Но прошло и больше времени, а ответа все не было. Снова пошли мы в исполком.
На собрании член исполкома — крестьянин стал прямо призывать к погрому.
Евреи одеваются в шелк и меха, — говорил он, — евреи, ничего не делая, живут припеваючи.
Другой стал говорить:
— Жиды у меня, как перец в носу…
Напрасно мы протестовали против обвинений и надругательств, слова наши не производили никакого впечатления на крестьян.
Собрание разошлось.
Один из организаторов погрома подошел к нам и предложил поладить дело за деньги Мы пошли в дом Ратнера, сговорились и вручили ему 25.000 рублей. Уделили и члену исполкома 1000. Получив деньги, они посоветовали нам собраться в один дом, чтобы лучше охранять было. Мы так и сделали. В двухэтажном доме Ратнера приютилось нас 300 человек. В полночь постучался к нам председатель исполкома, он просидел у нас 3 часа. Сквозь зияющие дыры окон в это время было видно, что крестьяне и крестьянки несут награбленное свертками и тюками. В 3 часа ночи к нам пришел председатель ревкома, сообщил нам, что все время разгоняются громилы и подал знак председателю исполкома, — они вышли вместе, сказав, что скоро вернутся вместе.

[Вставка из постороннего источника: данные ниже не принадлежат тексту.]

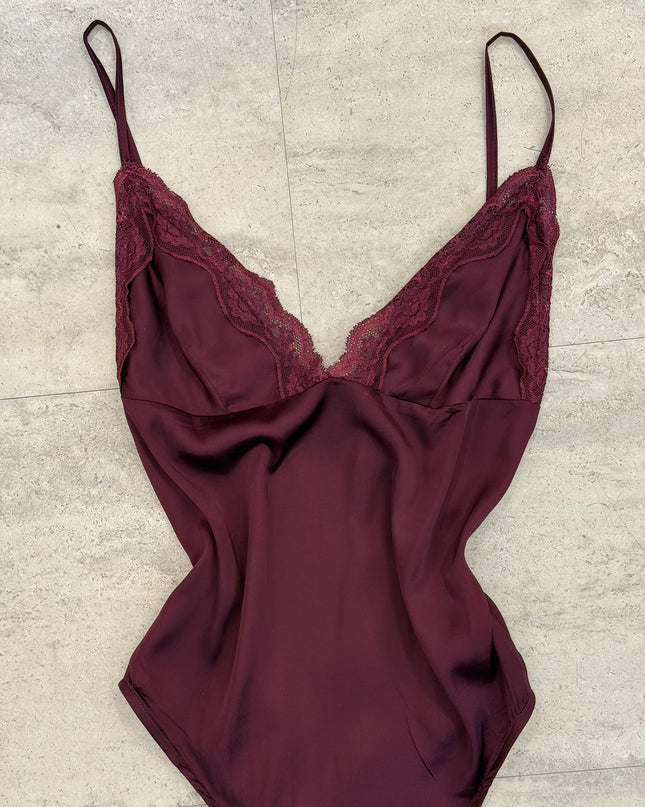 Body con pizzo bordeaux - Haveone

Но уже больше не вернулись.
На дворе раздался свист и хлопанье в ладоши. Дом стали обстреливать. Посыпались пули. Я с сыном юркнул через кухню в кладовую. Там уже много мужчин, женщин и детей. Услыхав выстрелы в комнатах, выбили ставню в кладовой и стали вылезать во двор. Я туда же пошел через дверь.
В дверях встретился бандит.
Отрезком рельса в полтора аршина длиной, он замахнулся над моей головой с криком:
Куда-а ты, жид…
В отчаянии я выхватил рельс из его рук.
Размахнулся над его головой.
Он откинулся.
Рельс успел задеть только край его плеча.
Он бросился бежать с криком:
Хлопцы, утикайте… бьют… назад.
Я с рельсом устроился за дверью, ведущей в столовую, и готовился оказать отчаянное сопротивление. Вбежал другой бандит, направил дуло винтовки в дверь, за которой я притаился, и выстрелил. Пуля попала случайно в проходившую невестку Ратнера и убила ее. Я ударил по стволу винтовки, и убийца поспешил скрыться. Считая позицию свою незащищенной, я перебрался в верхней этаж. Бандиты не появлялись больше. Мы все, находившееся еще в доме, через окна стали выбираться во двор, чтобы прятаться, кто куда может: по погребам и сараям.
Клозеты были забиты сплошь людьми.
Вошел в хлев, застал там жену и сына.
Кругом шептались, рассказывали ужасные сцены.
…Один рассказывал, как он притворился мертвым и с него долго-долго стаскивали сапоги, а он сдерживал дыхание. Потом убежал, за ним гнались и стреляли. Дорогой мужик поймал его и, вместе с другими евреями, повел на кладбище хоронить мертвых.
— А потом мы вас убьем, и вас уж сами поховаем, а то нам дуже богацко работы с вами, а як хотите жить, то идить до попа и прохайте его, щоб вин вас всих выкрестив.